Freestyle Skiing, Art or Sport?
A sport is a physical activity that is often engaged in competitively and governed by a set of rules or customs. It’s hard to define freestyle skiing in this way; there are few rules, and competition skiing is only considered a sect. Unlike other sports, its movies are based solely on park skiing, with no recognizable plot other than watching trick after trick. I can think of other movies about sports, but other than skateboarding, biking, or snowboarding, there isn’t another sport like it. Because of its capacity for integrating with the film industry, could this sect of freestyle be a class in the performing arts?
I asked two people without much knowledge of the sport, to watch and edit a freestyle skiing video of some of the most creative skiers in the world. Afterward, I asked them if “this style of freestyle skiing more a sport like football, or an art like dancing?” to get a general idea of what the public might think. “Both,” said Aset a senior at HHS, “because they show their athletic ability, but their style of skiing as well.” Delaney, another HHS student, said “It’s more like a sport, because you’re not sitting there painting.”
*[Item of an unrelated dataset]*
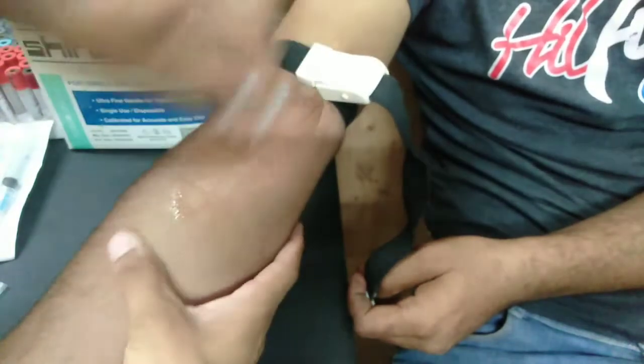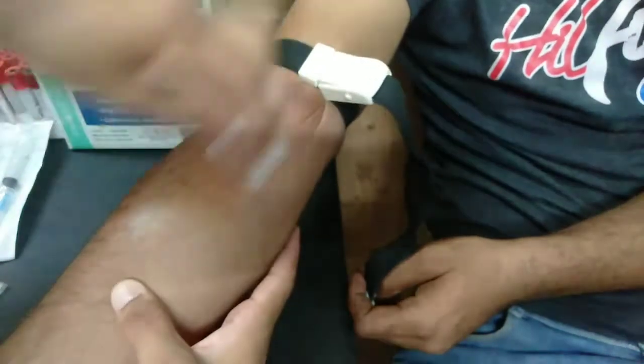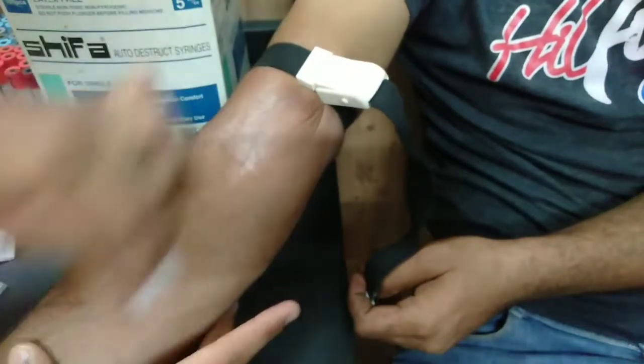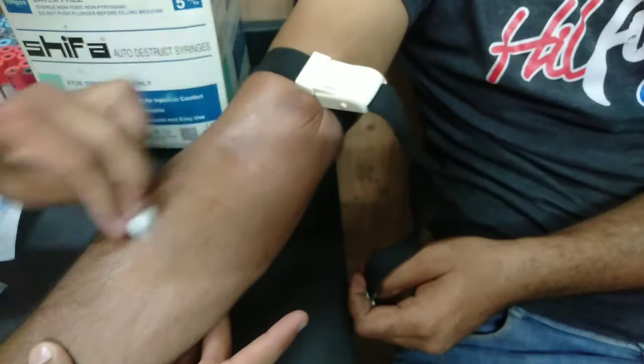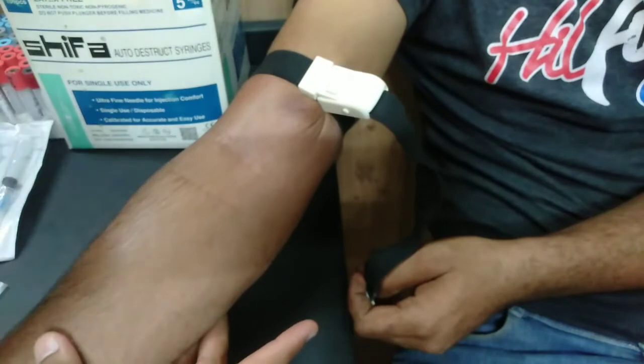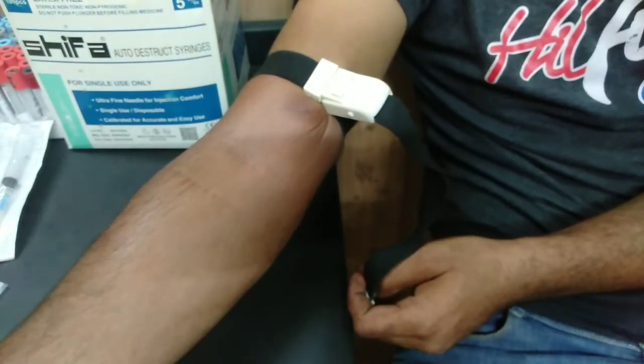Then we will clean the skin with antiseptic. After that, we will clean the area with alcohol. When you need to draw blood, you will clean your skin with alcohol. We will clean the area thoroughly, and after that we proceed.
I like to compare “creative” freestyle skiing to dancing, because it is usually represented by an edit. Edits like the one I showed to Aset and Delaney, generally have music and a basic theme, such as a style of music and clothing representing a culture. The edit I showed to the students represented the hip-hop and rap culture, like the rest of the freestyle world at the moment.
Dancing is defined as “move[ing] rhythmically, usually to music, using prescribed or improvised steps and gestures.” Can an edit not be described in this way? There’s a song, and a bunch of guys dressed up like thugs “using prescribed gestures” off of jumps and on rails. The music may be put in after the tricks are performed; but, if the editor is skilled, it can seem like the athletes are moving to the beat.
In both dancing and skiing you compete athletically and artistically, which makes each of these a sport. To learn to dance, you can join an athletic team, but to practice skiing, you cannot go to Juilliard. Their similarities run close. It’s like politics, there are two sides, but their colors bleed.